Francisco Ferreira alinha no mesmo discurso. “A situação actual é mais grave do que a percepção comum, mas tal é compreensível na medida em que a resiliência do clima leva a que a tradução do aquecimento global em impactes e consequências que poderão ser dramáticas demora o seu tempo”, diz. O ambientalista e investigador ainda não se cansou de propagar a imagem da panela a ferver. “Se colocarmos a mão numa panela que esteja a aquecer devagar aguentamo-la lá até à água estar bem quente; se mergulharmos a mão em água bem quente retiramo-la de imediato.”

Um estudo divulgado no final de Fevereiro na revista científica PNAS analisou mais de duas mil milhões de publicações nas redes sociais e encontrou o efeito do “sapo a ferver”, ou seja, as pessoas estão a habituar-se às temperaturas historicamente extremas. Reza a história (um mito, já que cientificamente a experiência não se comprova) que um sapo colocado em água quente reage e salta fora do recipiente, mas se o colocarmos na água fria e formos aquecendo a água progressivamente, ele ficará parado, a cozer lentamente. O sapo seriamos nós, claro. Ao que tudo indica, a nossa curta memória em relação ao clima guarda apenas o que se passou nos últimos dois a oito anos e, assim, acaba por normalizar as condições extremas que vivemos.

A água (ainda) não está a ferver mas também não sabemos como desligar o lume.
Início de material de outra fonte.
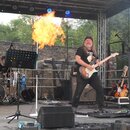 Fotografie zachycuje hudebníky na pódiu. V popředí hraje muž elektrickou kytaru s bílým trupem a hnědým hmatníkem. V pozadí je vidět bicí souprava a…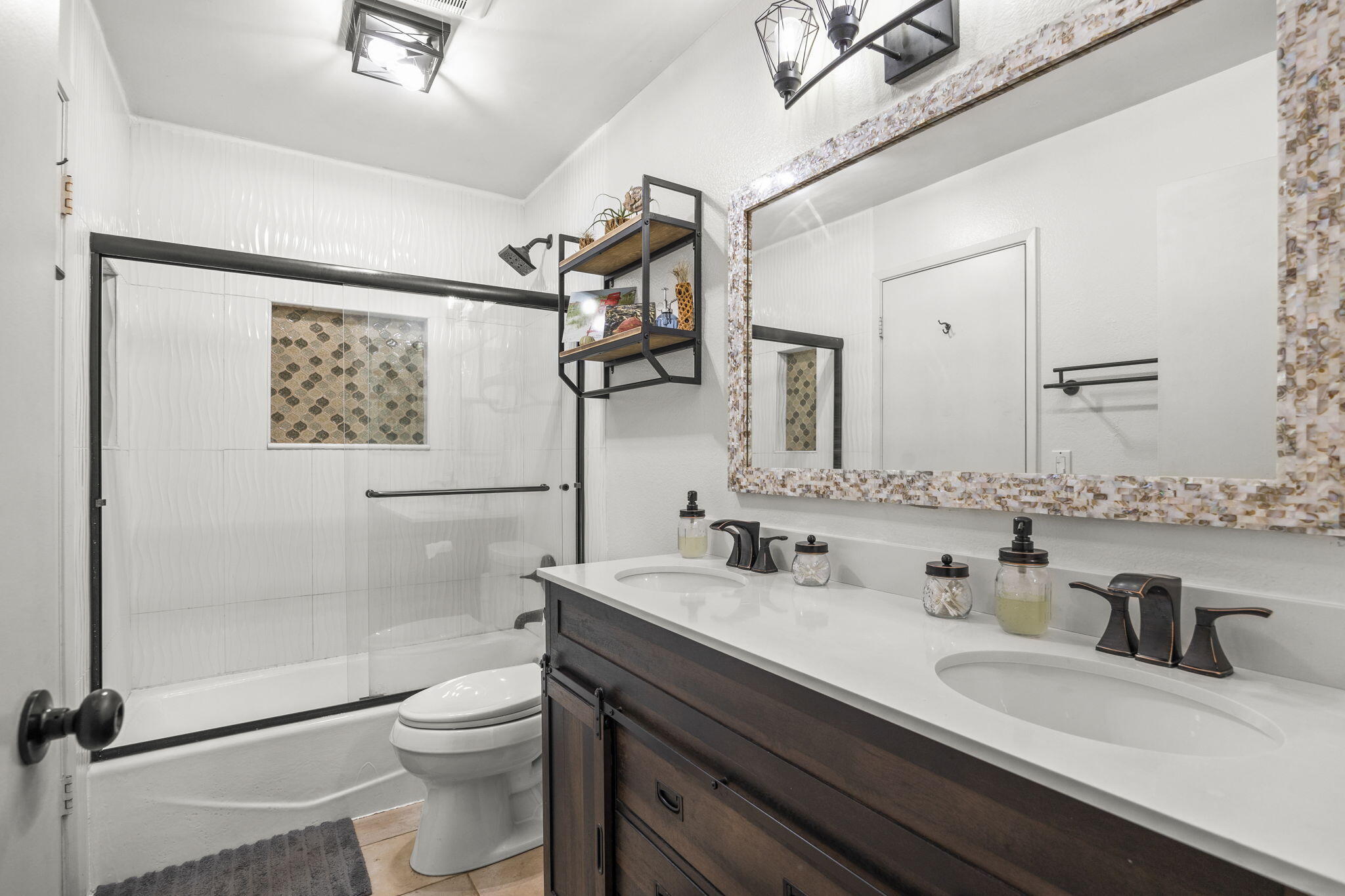4413 Catlin Circle, Unit B Carpinteria, CA 93013 - Photo 17 of 23 a bathroom with a granite countertop sink mirror vanity and toilet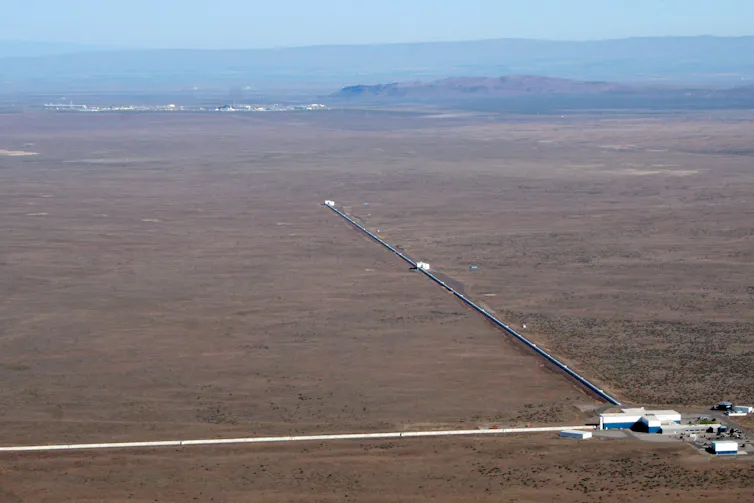 An L-shaped facility with two long arms extending out from a central building.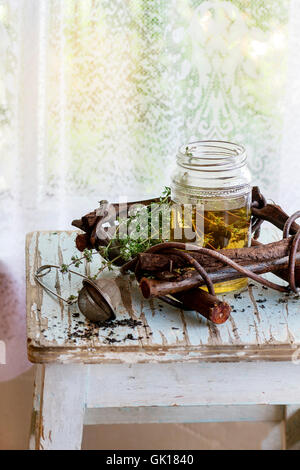 Glas heißer Kräutertee mit Bund frischer Thymian, serviert mit Vintage Teesieb auf alten Holzstuhl mit Fenster im backg Stockfoto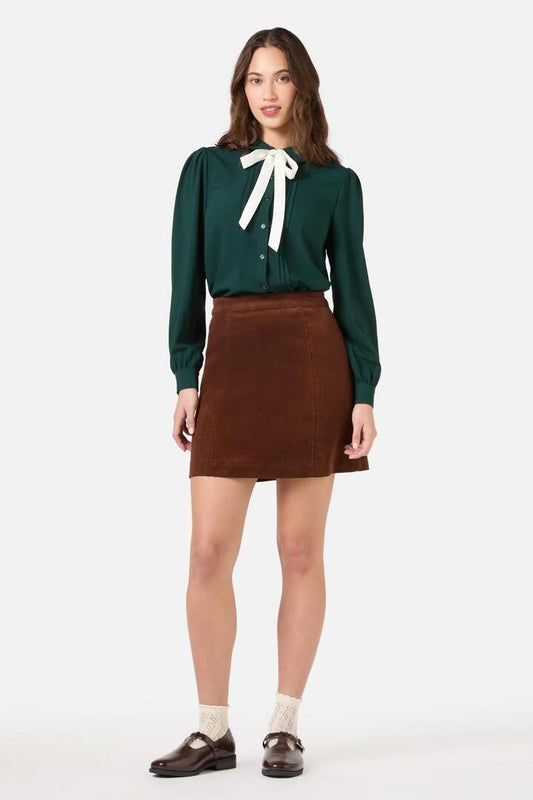 Image of a model wearing Tops. Productname: Annie Long Sleeve Bow Blouse in Green colour by brand - Princess Highway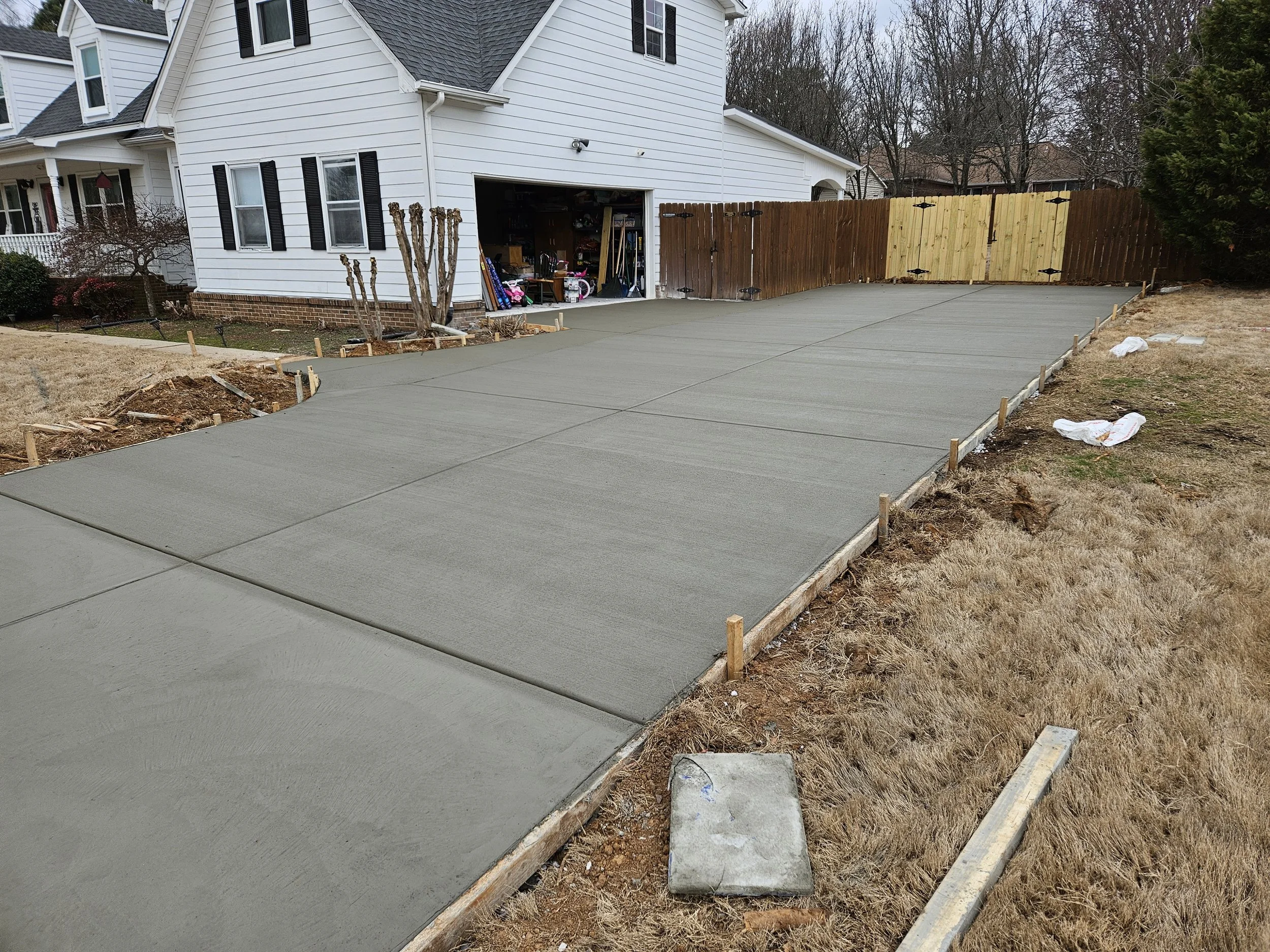 A house with an attached garage under construction, with a freshly poured concrete driveway. The garage is open, revealing tools and storage within. Surrounding the driveway, there is bare soil and construction materials, with a wooden fence partiall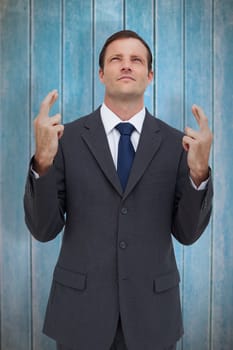 Serious businessman with fingers crossed is looking up against wooden planks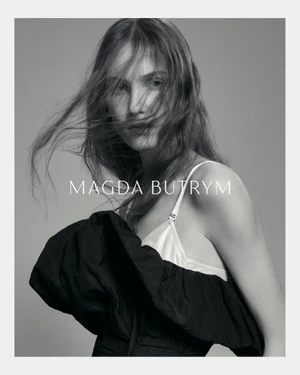 Model with long tousled hair wearing a white top and dark ruffled garment against a grey background with brand text
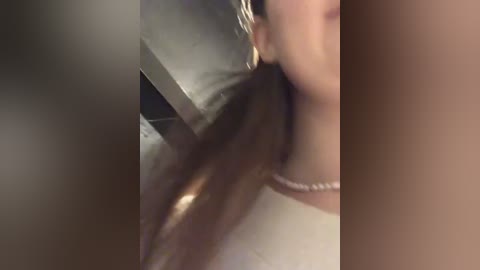 Media: A blurred video of a woman's profile, with long brown hair flowing over her shoulder. She wears a pearl necklace. The background shows a blurred metal object.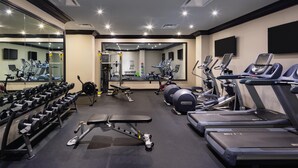 Un gimnasio bien equipado con cintas de correr, máquinas de pesas y pesas libres.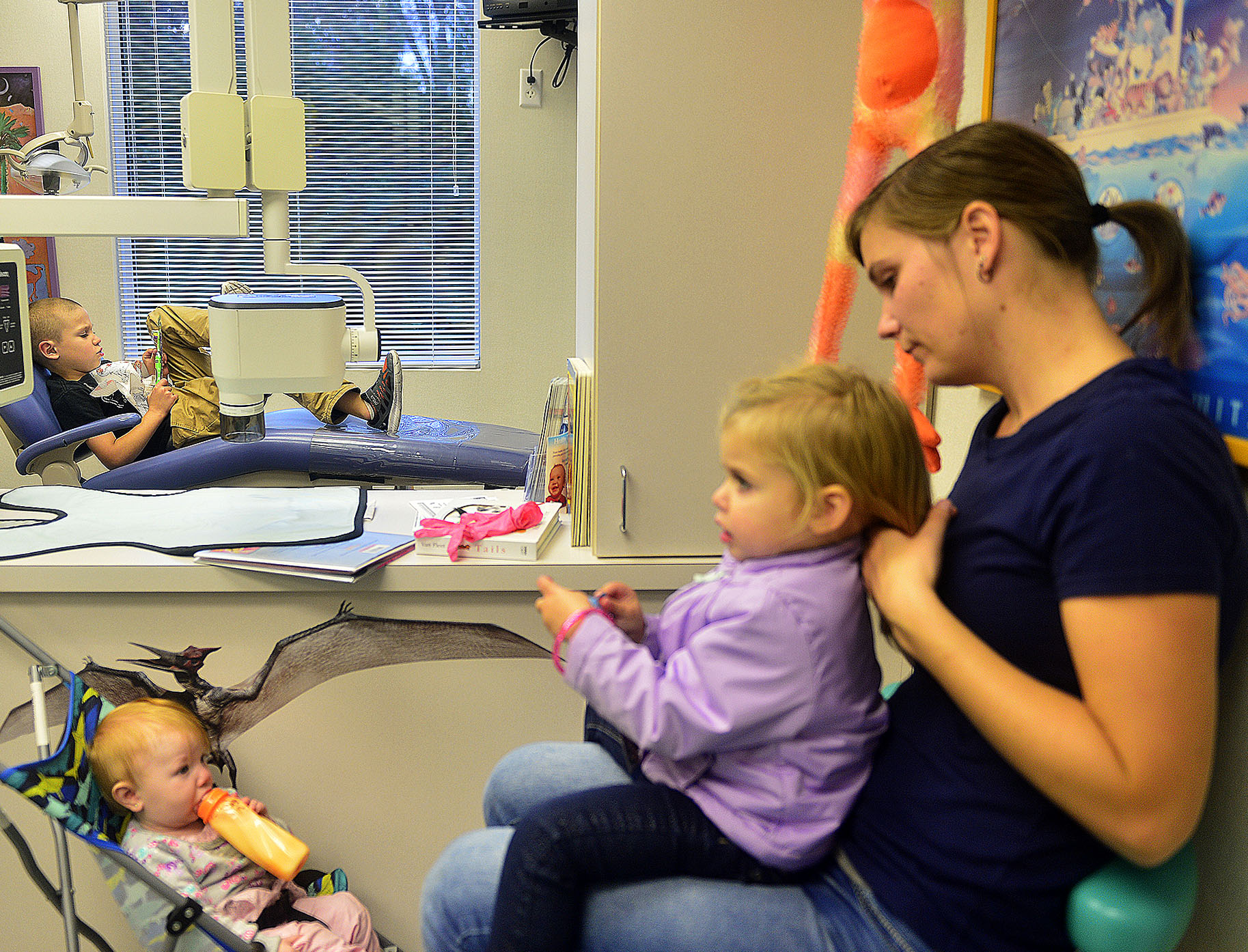  Colton waits his turn to see the dentist as Kelsey sits with Hadley and a friend's daughter, Charlotte, 1, at the Children's Dentistry of Gales Ferry on Thursday, Nov. 16, 2017. Charlotte is the daughter of Jessica Whitman and her husband, Jacob, wh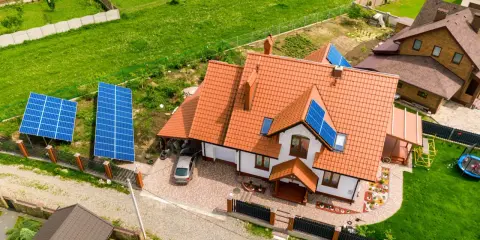 Dwa panele fotowoltaiczne na ziemi i kilka na dachu domu. W tle zielone pole i sąsiednie budynki.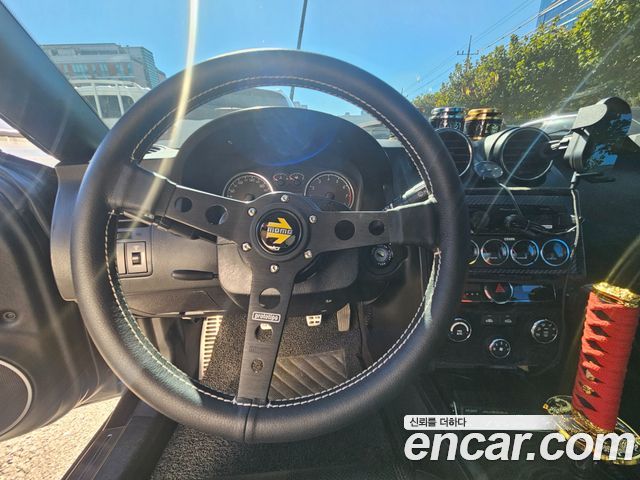Hyundai Tuscani 2007 — photo 11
E a preocupação que pode existir em muitas pessoas esbarra numa certa impotência, defende Filipe Duarte Santos. Fala-se, por exemplo, na urgência de fazer uma transição energética, de deixarmos de consumir combustíveis fosseis, mas ainda não há alternativa. “Como é que me desloco? Tenho o meu carro, é muito confortável, tenho gasolina em vários postos espalhados pelas estradas fora. A questão ultrapassa a maior parte das pessoas. E essa maior parte desliga-se”, constata o físico.

Paulo Santos, professor na Faculdade de Ciências da Universidade do Porto, é um dos autores de um estudo relacionado com as percepções dos estudantes universitários portugueses sobre mudanças climáticas. O mais grave, diz, é “a inconsistência entre as atitudes e a percepção que anunciam, desde o cidadão ao decisor”. Mais de 120 estudantes foram inquiridos em 2015 e 99% disseram que acreditavam que as alterações climáticas estavam mesmo a acontecer. No entanto, apenas 44% afirmaram estar muito preocupados com o tema, 74% defenderam que as acções para mitigar os efeitos das alterações climáticas devem ser tomadas pelos governos e 34% respondeu que não fazia nada para travar o fenómeno.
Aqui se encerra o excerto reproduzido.